Start of EXERCISE INPUTS
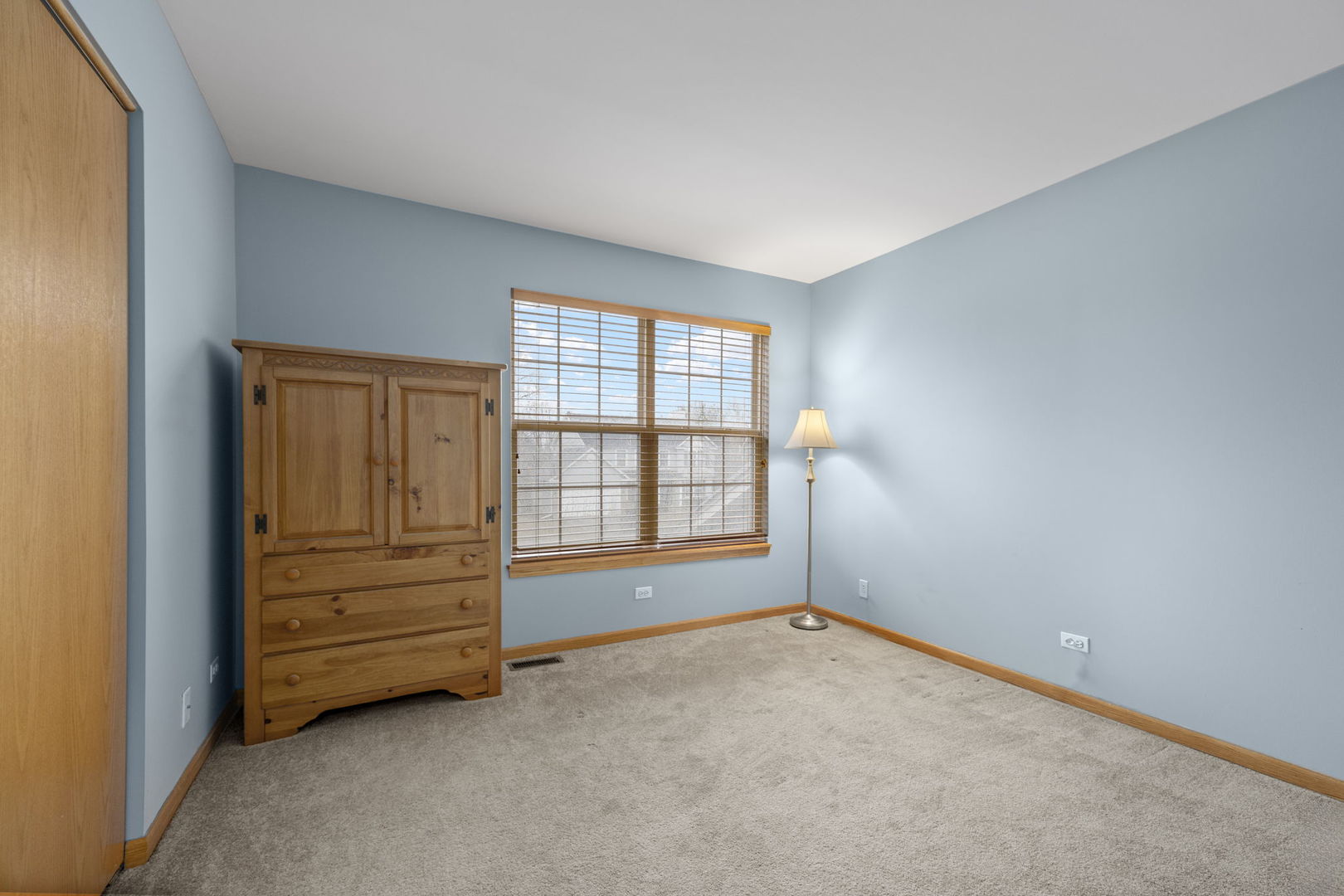 33 Forestview Lane Aurora IL 60502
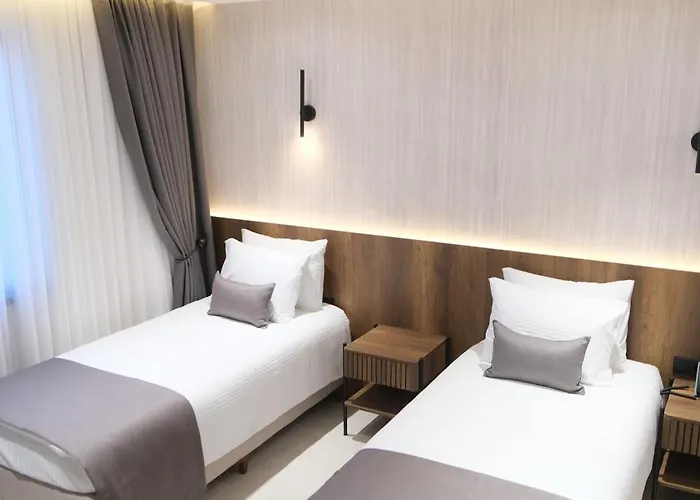 1921 Justa Sefa Otel
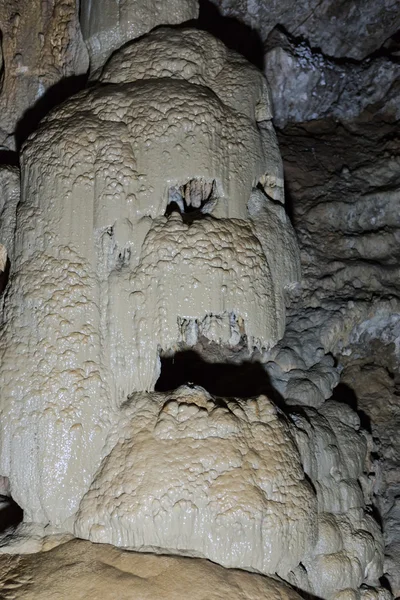 La máscara de las estalactitas en la cueva de los nuevos Athos — Foto de Stock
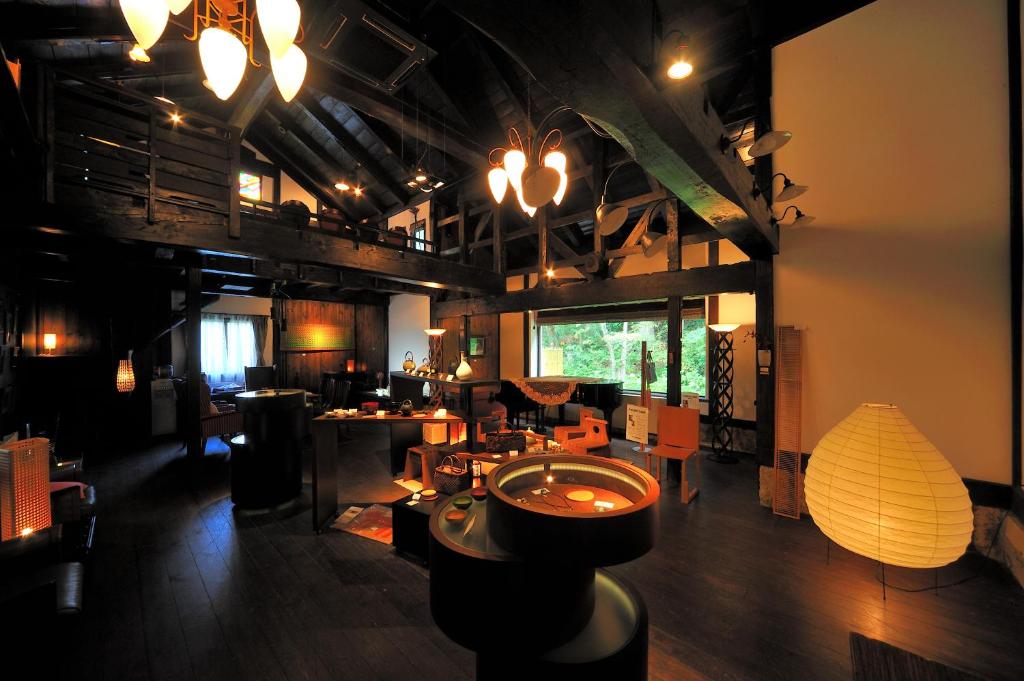 上山市梅格苏松酒店的客房设有带桌椅的餐厅。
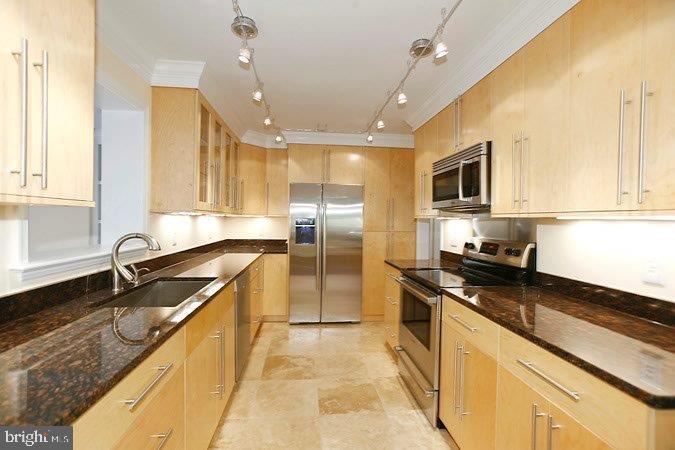 BROYHILL FOREST - Residential Lease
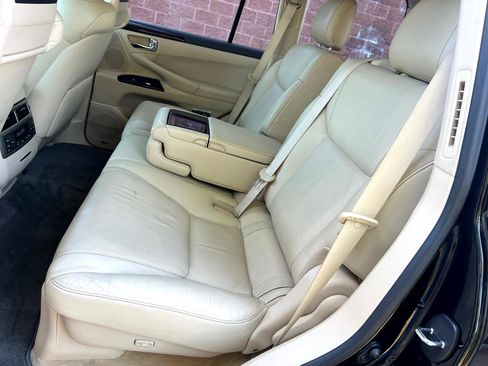 Used 2013 Lexus LX 570 4WD image 17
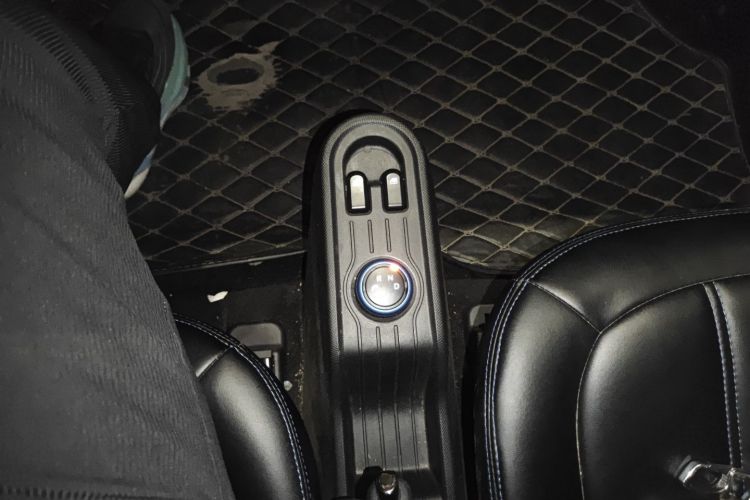 五菱汽车 宏光MINIEV 2020款 悦享款 三元锂中控内饰18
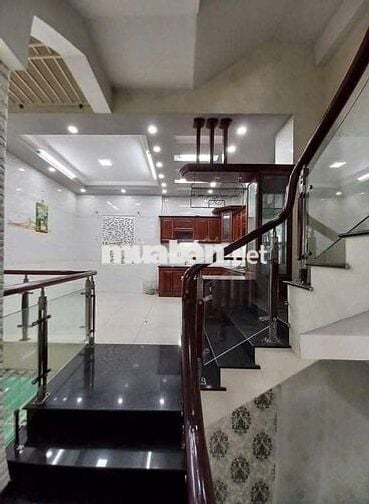 💎 Mặt Tiền Hồ Văn Long – 5 Tầng Thang Máy – KD Sầm Uất – 7.9 Tỷ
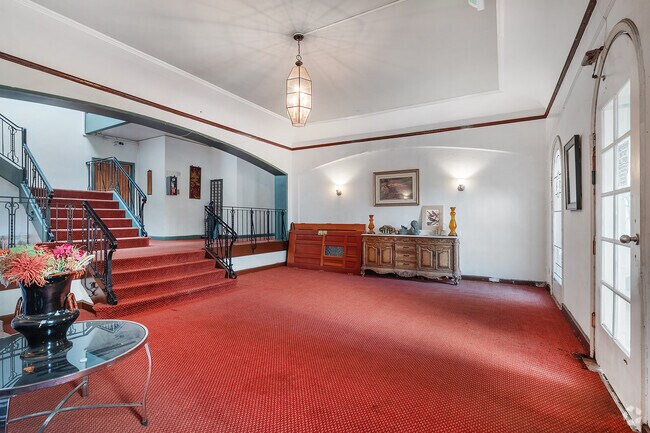 Lobby - 100 N. Kenmore Ave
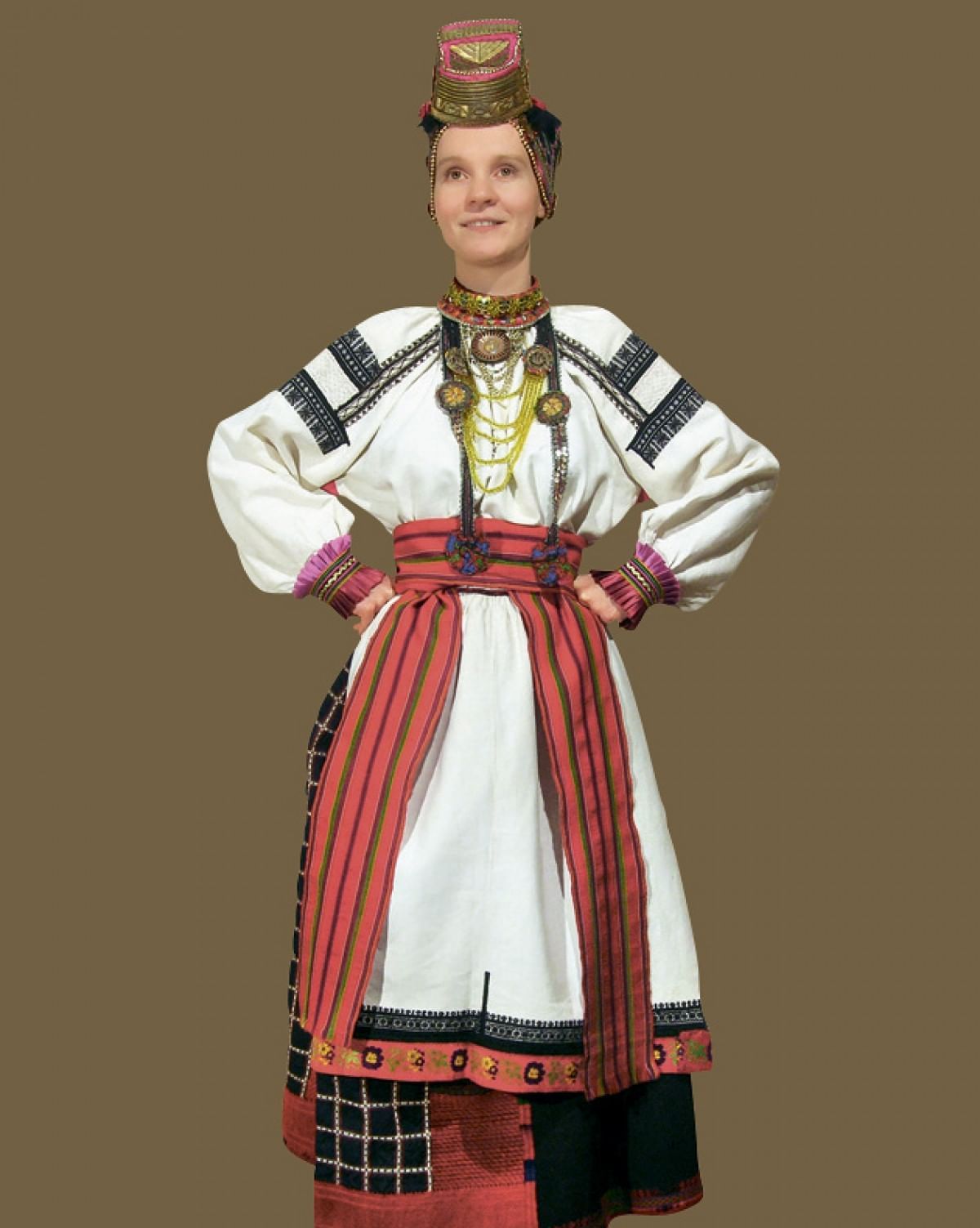 Традиционный русский костюм из собрания Сергея Глебушкина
End of EXERCISE INPUTS
» YOUR GOAL
With pictures left out, print the lines of the material above from the line containing "Uất – 7.9 Tỷ" through its last line, exactly and nothing more.

» RESPONSE TO THIS TASK
 💎 Mặt Tiền Hồ Văn Long – 5 Tầng Thang Máy – KD Sầm Uất – 7.9 Tỷ
 Lobby - 100 N. Kenmore Ave
 Традиционный русский костюм из собрания Сергея Глебушкина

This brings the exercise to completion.